My throat tightened.

“You know there was nothing I could have done for Ori, even if I had killed Ryzek,” I said. “We were all trapped.”

“I know that.” Teka sighed. “But I’m pretty sure Isae Benesit doesn’t believe it.”

“I’ll talk to her,” Cisi said. “I’ll help her see it. Right now she just wants people to blame.”

She shed the jacket she wore, leaving her arms bare and covered with goose bumps, and draped it over Ori. Akos helped her tuck the edges under Ori’s shoulders and hips, so her wound was hidden. Cisi brushed Ori’s hair into place with her fingers.

They both left, then, Cisi to the galley and Akos to the hold, with heavy footsteps and trembling hands.

I turned to Teka.

“Let’s lock my brother up.”

Teka and I dragged Ryzek and Eijeh to separate storage rooms, one by one. I rooted out more sleeping elixir to drug Eijeh. I wasn’t sure what was wrong with him—he was still unconscious and unresponsive—but if he woke up as the same warped man who had murdered Ori Benesit, I didn’t want to deal with it yet.

Then I went to the nav deck, where Sifa Kereseth sat in the captain’s chair, her hands on the controls. Jyo was nearby, using his screen to contact Jorek, who had returned home after Ryzek fell, to get his mother. I sat in the empty chair beside Akos’s mother. We were high in the atmosphere, almost past the barrier of blue that separated us from space.

“Where are we going?” I said.

“Into orbit until we make a plan,” Sifa said. “We can’t go back to Shotet, obviously, and it’s not safe to go back to Thuvhe yet.”

“Do you know what’s wrong with Eijeh?” I said. “He’s still catatonic.”

“No,” Sifa said. “Not yet.”

She closed her eyes. I wondered if the future was something she could search, like the stars. Some people had mastery over their gifts, and some were simply servants to them—I had never stopped to wonder, before, which category the oracle of Hessa fell into.

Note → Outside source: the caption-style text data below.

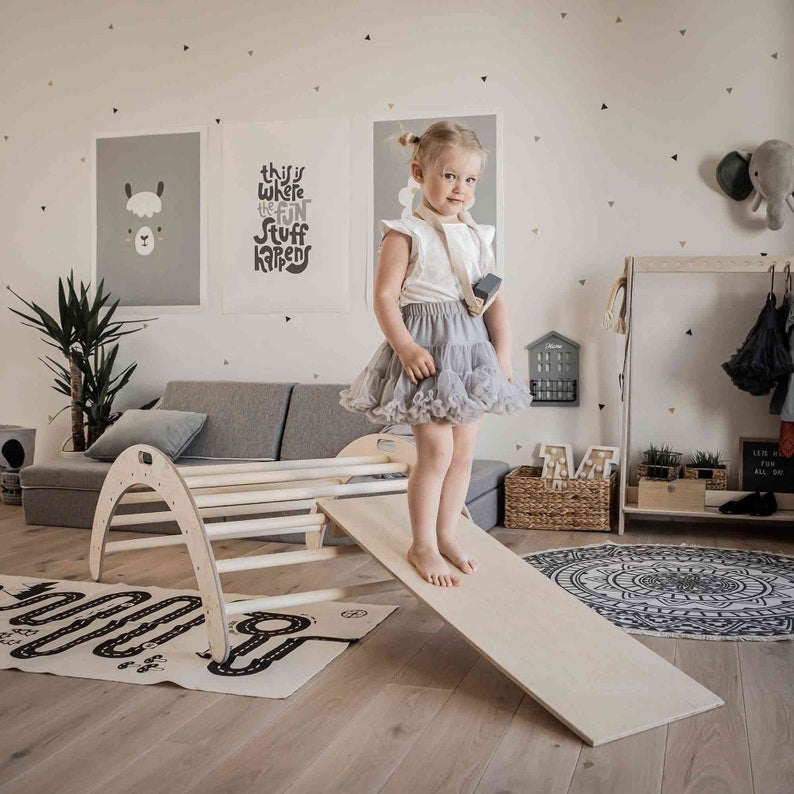 Montessori Klimboog Met Oprijbrug Houten Speeltoestel by Montessori House Bed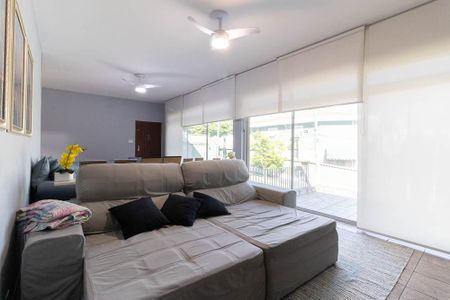 Casa à venda com 250m², 3 quartos e 3 vagas Casa à venda com 250m², 3 quartos e 3 vagasSala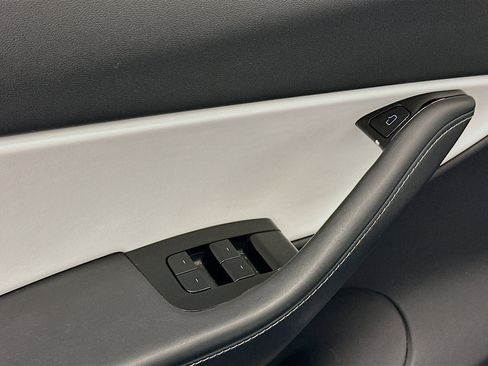 Used 2020 Tesla Model Y Long Range image 15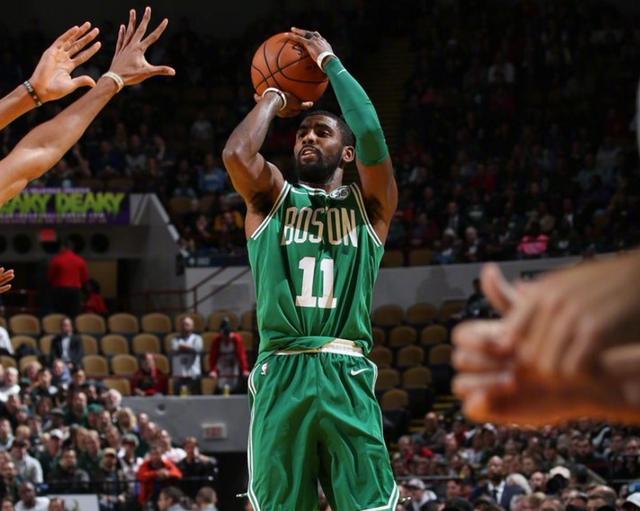 国际赛事中 国际赛事中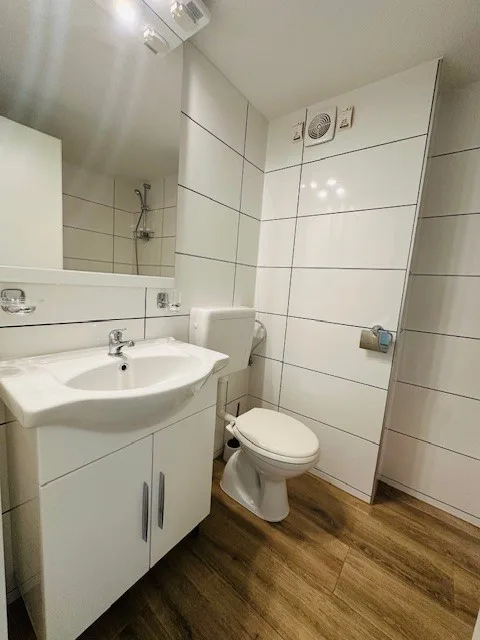 Helle, renovierte 3.5-Zimmer-Wohnung mit Balkon in Münchenstein – Foto 20 von 23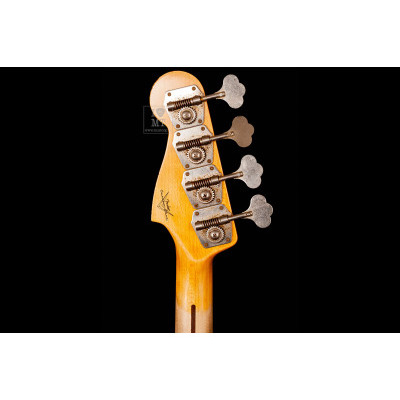 Бас-гитара FENDER CUSTOM SHOP 1959 PRECISION BASS JOURNEYMAN RELIC AGED WHITE BLONDE Изображение
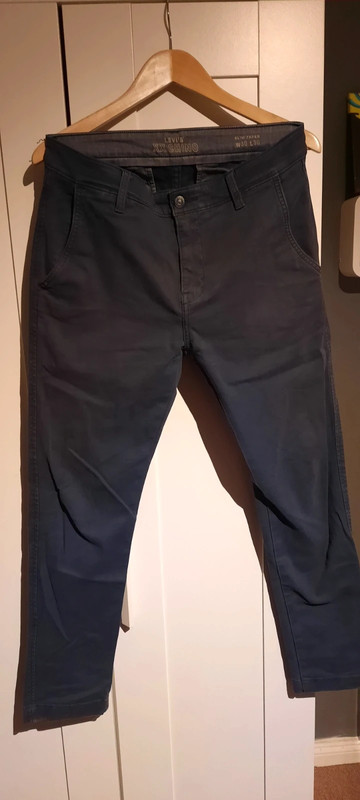 Dunkel Blaue Hose 3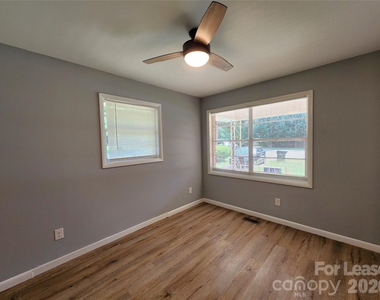 210 N Salisbury Avenue - Photo Thumbnail 6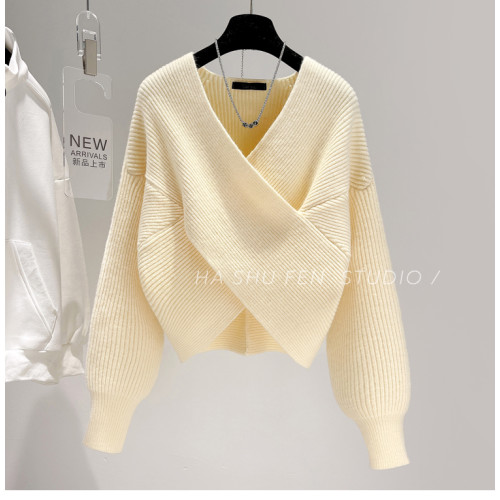 毛衣女秋冬小個子溫柔風奶系穿搭設計感小衆交叉針織衫套頭上衣 毛衣女秋冬小個子溫柔風奶系穿搭設計感小衆交叉針織衫套頭上衣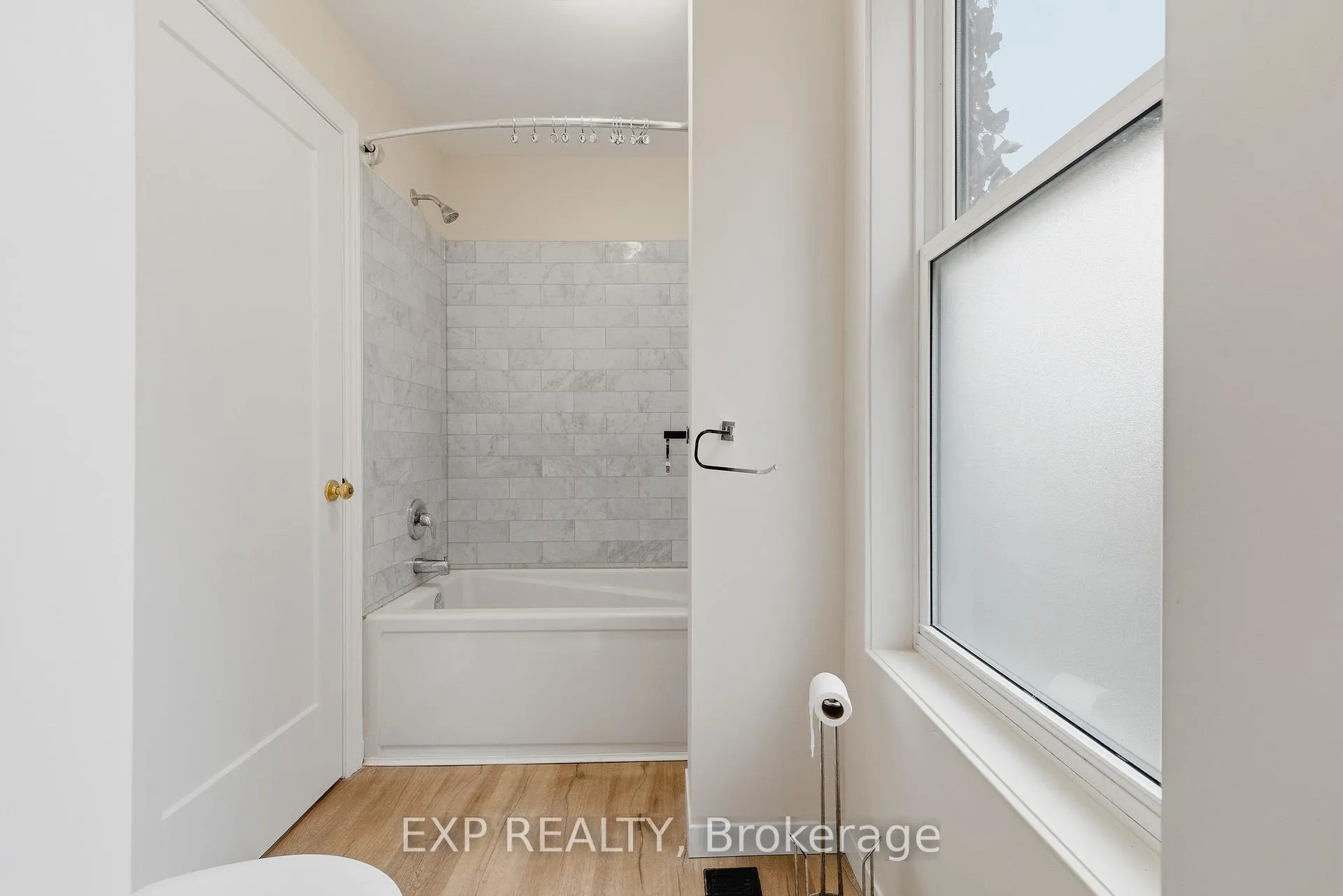 Photo 13 of 19 Adam Street, Huron East, Seaforth — HOMEH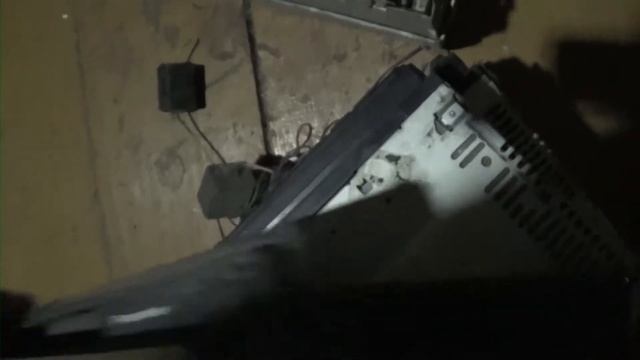 Привезли пакет с автомагнитолами смотреть онлайн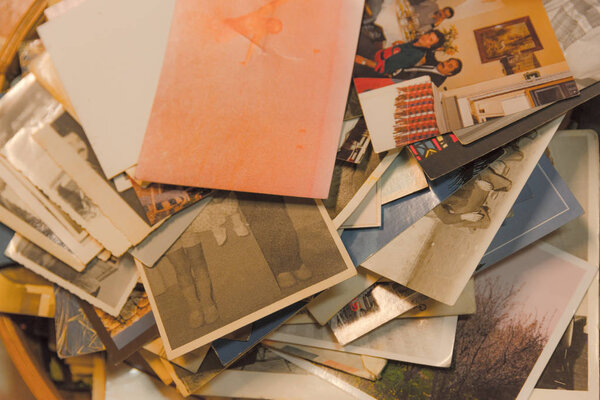 Многие антикварные и старинные старые фотографии вместе
.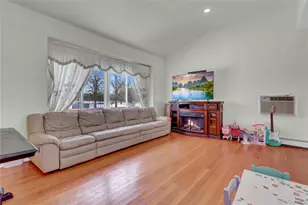 40 Scholar Ln, Commack, NY 11725 - Photo 9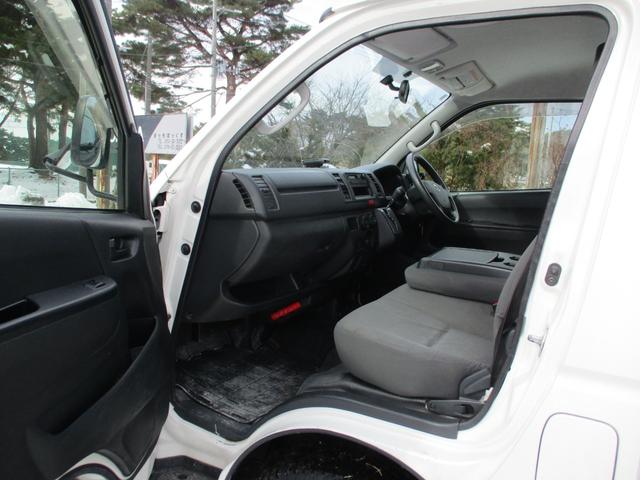 レジアスエースバン DX 9人乗り・wエアコン・タイミングベルト交換済み・ETC付(43枚目)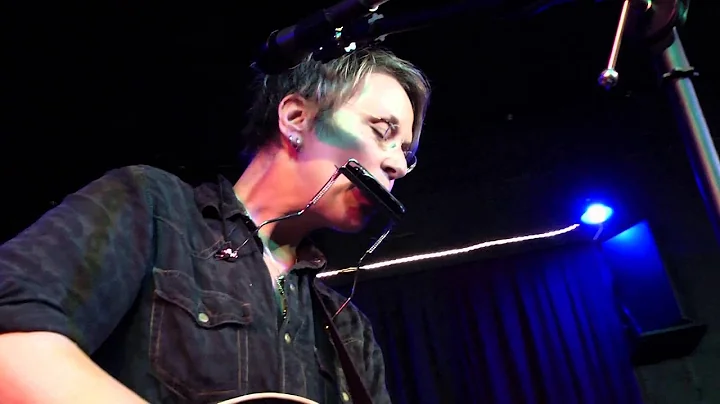 The Extended Play Sessions with Mary Gauthier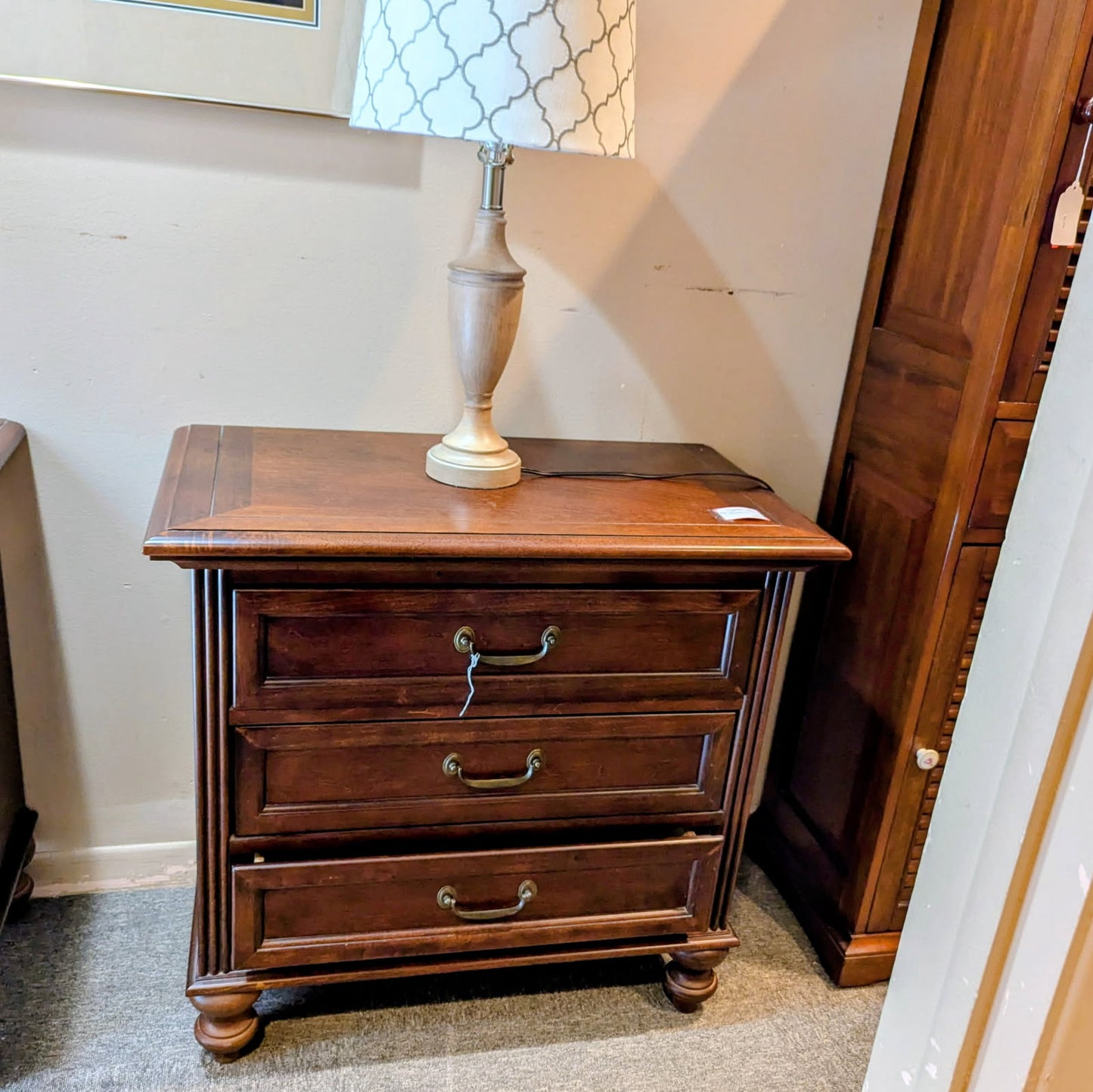 NIGHTSTAND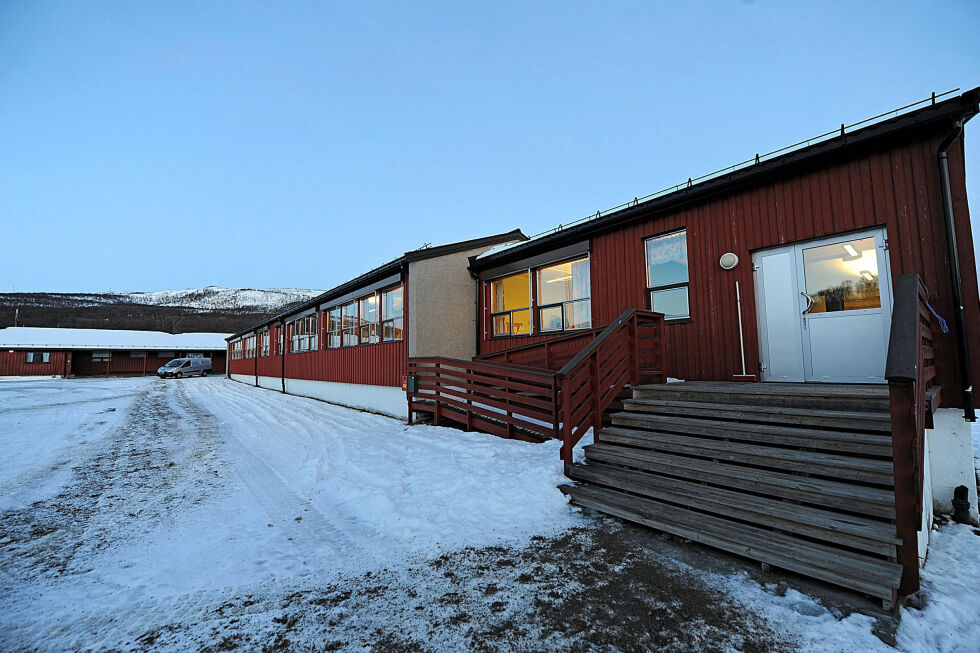 Moren trodde det skulle være bra for barna å gå på en liten skole som Billefjord sjøsamiske oppvekstsenter. 
– Det viste seg å være helt motsatt, sier tobarnsmoren.
 Foto: Arkiv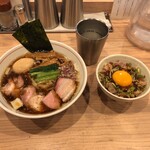 麺処 にし尾 - "特製手揉み中華そば(醤油)"1,250円と"吊るし焼き豚ご飯"400円♪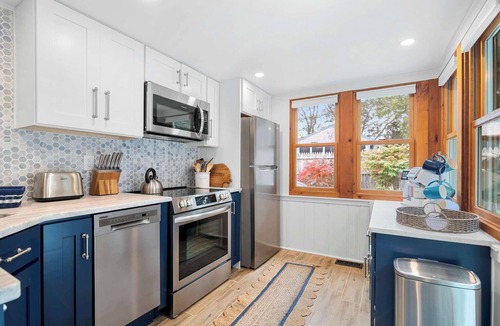 North Eastham House | Short Walk to Private Association Beach!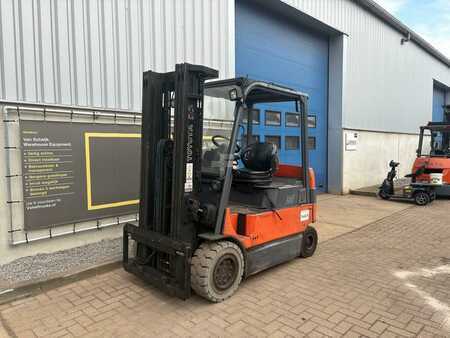 Elektromos 4 kerekű 2004  Toyota 7fbmf30 (5)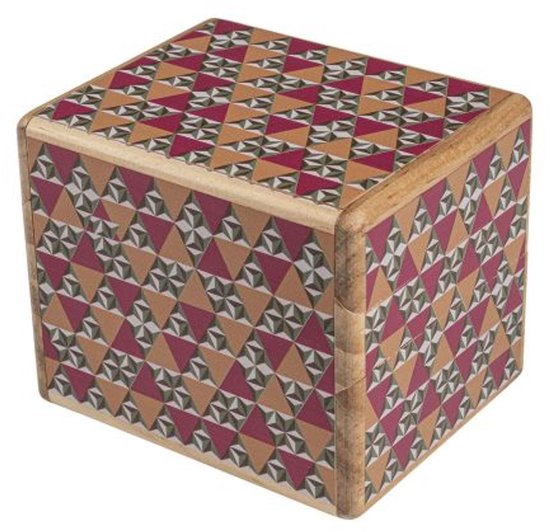 Gesloten houten puzzeldoos met een geometrisch patroon van rode, beige en groene driehoekjes.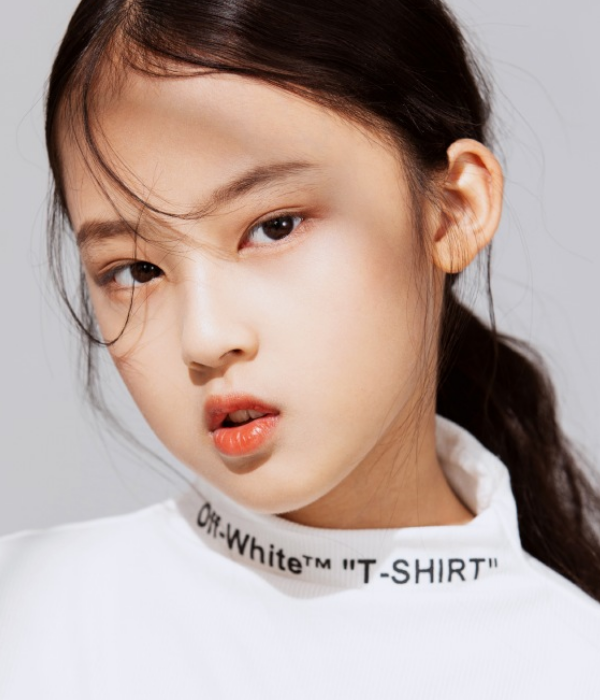 被tfboys宠爱的小女孩要火了!年仅九岁颜值高身材好,未来女神诞生了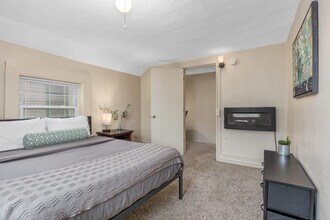 15 Straight Ave SW in Grand Rapids, MI - Building Photo - Building Photo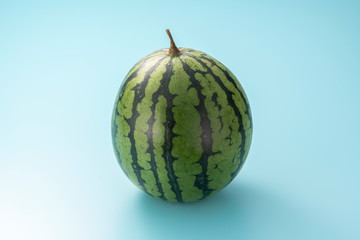 スイカ　夏の果物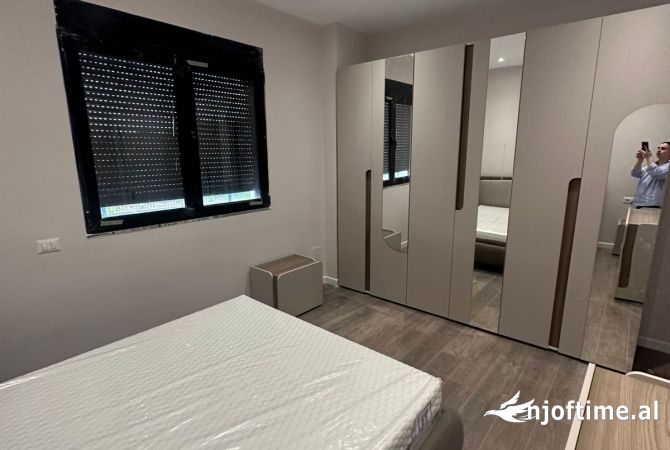 Shtepi me qera Apartament ne Tirane, 1+1, Mobilimi E mobiluar, Pagesa 600  Euro.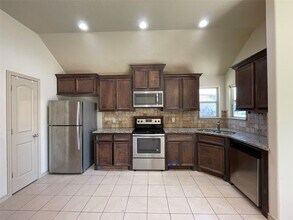 16928 W Ivanhoe St in Montgomery, TX - Building Photo - Building Photo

“I think you knew we were going to fail,” I said softly. “You told Akos that your visions were layered over each other, that Ori would be in the cell at the same time Ryzek faced me in the arena. But you knew they weren’t, didn’t you?” I paused. “And you knew Akos would have to face Vas. You wanted him to have no choice other than to kill him, the man who murdered your husband.”

Sifa touched the autonav map so the colors reversed—black for the expanse of space, and white for the route we were taking through it—and sat back in her chair, her hands in her lap. I thought she was just waiting to answer me, at first, but when she didn’t say anything for a while, I realized she had no intention of doing so. I didn’t press her. My mother had been intractable, too, and I knew when to give up.

So it surprised me a little when she spoke.

“My husband needed to be avenged,” she said. “Someday Akos will see that.”

“No he won’t,” I said. “He’ll only see that his own mother maneuvered him into doing the thing he most hates.”

“Maybe,” she said.

The darkness of space wrapped around us like a shroud, and I felt calmer, consoled by the emptiness. This was a different kind of sojourn. Away from the past, instead of away from the place I was supposed to call home. Here, the lines between Shotet and Thuvhesit were harder to see, and I almost felt safe again.

“I should check on Akos,” I said.

Before I could get up, her hand had closed over my arm, and she had leaned close enough to me that I could see streaks of warm brown in her dark eyes. She flinched but didn’t pull away.